-- Data extract --
:::::

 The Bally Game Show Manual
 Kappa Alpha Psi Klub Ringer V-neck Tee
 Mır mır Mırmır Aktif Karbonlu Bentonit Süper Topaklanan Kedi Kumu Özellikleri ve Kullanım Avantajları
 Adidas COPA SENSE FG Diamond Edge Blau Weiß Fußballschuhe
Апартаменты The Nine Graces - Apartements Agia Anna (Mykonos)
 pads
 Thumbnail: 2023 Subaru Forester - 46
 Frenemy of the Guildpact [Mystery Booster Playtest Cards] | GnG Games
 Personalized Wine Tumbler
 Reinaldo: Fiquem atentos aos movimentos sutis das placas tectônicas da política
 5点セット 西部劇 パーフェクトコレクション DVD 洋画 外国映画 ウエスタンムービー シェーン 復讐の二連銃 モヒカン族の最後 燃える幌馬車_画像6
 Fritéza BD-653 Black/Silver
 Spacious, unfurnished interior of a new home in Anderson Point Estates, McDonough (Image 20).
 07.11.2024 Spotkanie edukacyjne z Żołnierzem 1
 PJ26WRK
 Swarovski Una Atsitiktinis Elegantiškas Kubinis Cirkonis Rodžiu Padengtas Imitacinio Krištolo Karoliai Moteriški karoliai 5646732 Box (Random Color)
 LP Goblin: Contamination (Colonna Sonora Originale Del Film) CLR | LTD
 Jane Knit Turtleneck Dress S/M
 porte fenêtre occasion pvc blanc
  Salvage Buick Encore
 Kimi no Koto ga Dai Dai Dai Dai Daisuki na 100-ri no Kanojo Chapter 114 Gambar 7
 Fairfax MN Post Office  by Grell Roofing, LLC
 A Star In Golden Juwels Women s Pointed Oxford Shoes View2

:::::

-- Work order --
Type out every record above once more, exactly.

-- Solution to the problem --
 The Bally Game Show Manual
 Kappa Alpha Psi Klub Ringer V-neck Tee
 Mır mır Mırmır Aktif Karbonlu Bentonit Süper Topaklanan Kedi Kumu Özellikleri ve Kullanım Avantajları
 Adidas COPA SENSE FG Diamond Edge Blau Weiß Fußballschuhe
Апартаменты The Nine Graces - Apartements Agia Anna (Mykonos)
 pads
 Thumbnail: 2023 Subaru Forester - 46
 Frenemy of the Guildpact [Mystery Booster Playtest Cards] | GnG Games
 Personalized Wine Tumbler
 Reinaldo: Fiquem atentos aos movimentos sutis das placas tectônicas da política
 5点セット 西部劇 パーフェクトコレクション DVD 洋画 外国映画 ウエスタンムービー シェーン 復讐の二連銃 モヒカン族の最後 燃える幌馬車_画像6
 Fritéza BD-653 Black/Silver
 Spacious, unfurnished interior of a new home in Anderson Point Estates, McDonough (Image 20).
 07.11.2024 Spotkanie edukacyjne z Żołnierzem 1
 PJ26WRK
 Swarovski Una Atsitiktinis Elegantiškas Kubinis Cirkonis Rodžiu Padengtas Imitacinio Krištolo Karoliai Moteriški karoliai 5646732 Box (Random Color)
 LP Goblin: Contamination (Colonna Sonora Originale Del Film) CLR | LTD
 Jane Knit Turtleneck Dress S/M
 porte fenêtre occasion pvc blanc
  Salvage Buick Encore
 Kimi no Koto ga Dai Dai Dai Dai Daisuki na 100-ri no Kanojo Chapter 114 Gambar 7
 Fairfax MN Post Office  by Grell Roofing, LLC
 A Star In Golden Juwels Women s Pointed Oxford Shoes View2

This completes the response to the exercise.